**Exercise brief:**
Restate word for word the lines of the data below, from the first through the one that has "Applique murale LED".

Items from a dataset:
:::::
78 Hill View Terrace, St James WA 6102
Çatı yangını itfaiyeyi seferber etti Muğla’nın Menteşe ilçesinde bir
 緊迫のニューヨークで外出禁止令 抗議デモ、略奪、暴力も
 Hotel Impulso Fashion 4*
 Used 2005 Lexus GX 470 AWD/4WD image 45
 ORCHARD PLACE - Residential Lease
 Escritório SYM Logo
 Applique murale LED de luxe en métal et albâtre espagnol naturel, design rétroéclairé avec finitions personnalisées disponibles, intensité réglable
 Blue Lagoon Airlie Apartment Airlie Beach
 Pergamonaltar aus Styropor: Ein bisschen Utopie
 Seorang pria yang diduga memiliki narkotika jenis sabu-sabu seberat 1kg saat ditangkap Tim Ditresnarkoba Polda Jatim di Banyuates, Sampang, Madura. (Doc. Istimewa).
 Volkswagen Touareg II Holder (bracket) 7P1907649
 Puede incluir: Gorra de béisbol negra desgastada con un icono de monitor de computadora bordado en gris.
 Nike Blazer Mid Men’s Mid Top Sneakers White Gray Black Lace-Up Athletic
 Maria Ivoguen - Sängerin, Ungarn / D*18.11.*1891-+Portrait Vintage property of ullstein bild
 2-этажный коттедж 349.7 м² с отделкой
:::::
**Your response:**
78 Hill View Terrace, St James WA 6102
Çatı yangını itfaiyeyi seferber etti Muğla’nın Menteşe ilçesinde bir
 緊迫のニューヨークで外出禁止令 抗議デモ、略奪、暴力も
 Hotel Impulso Fashion 4*
 Used 2005 Lexus GX 470 AWD/4WD image 45
 ORCHARD PLACE - Residential Lease
 Escritório SYM Logo
 Applique murale LED de luxe en métal et albâtre espagnol naturel, design rétroéclairé avec finitions personnalisées disponibles, intensité réglable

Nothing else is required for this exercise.